Jembatan Kedungkandang
Jembatan Kedungkandang

MALANGTIMES - Jembatan Kedungkandang yang masuk dalam perencanaan APBD 2020 mulai digarap. Dalam tahap awal, megaproyek yang sempat tertunda pembangunannya itu menelan dana hingga setengah miliar rupiah atau tepatnya Rp 550 juta.

Dalam lembaga pengadaan secara elektronik (LPSE), tahap awal berupa lelang jasa konsultasi pengawasan rehabilitasi/pengembangan Jembatan Kedungkandang telah diumumkann. Lelang tersebut menyiapkan anggaran senilai Rp 550 juta.

Kepala Dinas Pekerjaan Umum Penataan Ruang Perumahan dan Kawasan Pemukiman (DPUPRPKP) Kota Malang  Hadi Santoso menyampaikan, proses lelang kemungkinan dilaksanakan dalam waktu satu bulan. Pasca-lelang jasa konsultasi, maka akan dilanjutkan dengan lelang fisik dan pengerjaan jembatan. Sehingga, jembatan ditargetkan rampung pada 2020 ini.

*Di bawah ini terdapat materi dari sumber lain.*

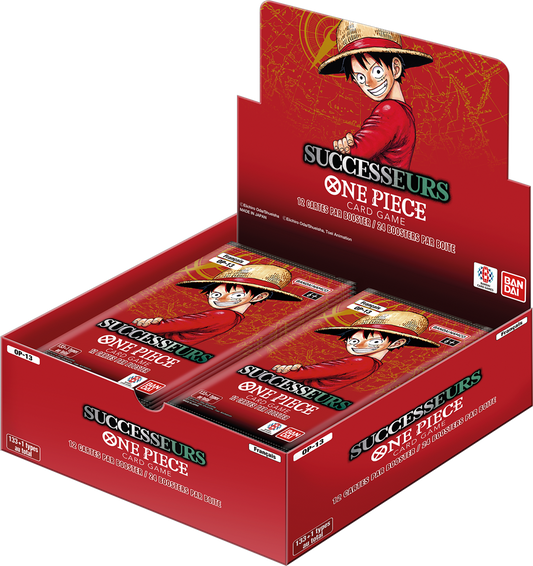 Display One piece OP-13 - Boite de 24 boosters - Français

"Tahun ini ditarget sudah rampung. Sebelum dilelang, kami juga sudah lakukan pertemuan dengan Lembaga Kebijakan Pengadaan Barang/Jasa Pemerintah (LKPP) untuk mengetahui apa saja dokumen yang penting," katanya.

Pria yang akrab disapa Sony itu menjelaskan, desain Jembatan Kedungkandang tak jauh berbeda dengan detail engineering design (DED) yang dibuat sebelumnya. Jembatan akan dibangun membentang sepanjang 320 meter dengan lebar 14 meter.

"Jembatan yang ada sekarang akan tetap digunakan untuk u-turn, dan akan ada trotoar di kanan dan kiri jalan," imbuhnya.

Sony  juga menyampaikan bahwa sebelumnya dilakukan upaya penambahan beberapa konstruksi. Hal itu sudah dibahas terlebih dulu dengan tim ahli teknis Universitas Brawijaya (UB). Terutama untuk mengukur kondisi tanah dan fondasi awal jembatan. Hasilnya memang perlu ada penguatan di beberapa sisi.

Proses pembangunan tersebut dilakukan salah satunya juga untuk menyikapi dibukanya tol Malang-Pandaan (Mapan). Sehingga kemacetan yang terjadi bisa lebih terurai. Pasalnya, saat ini kondisi Jembatan Kedungkandang selalu padat setiap saat.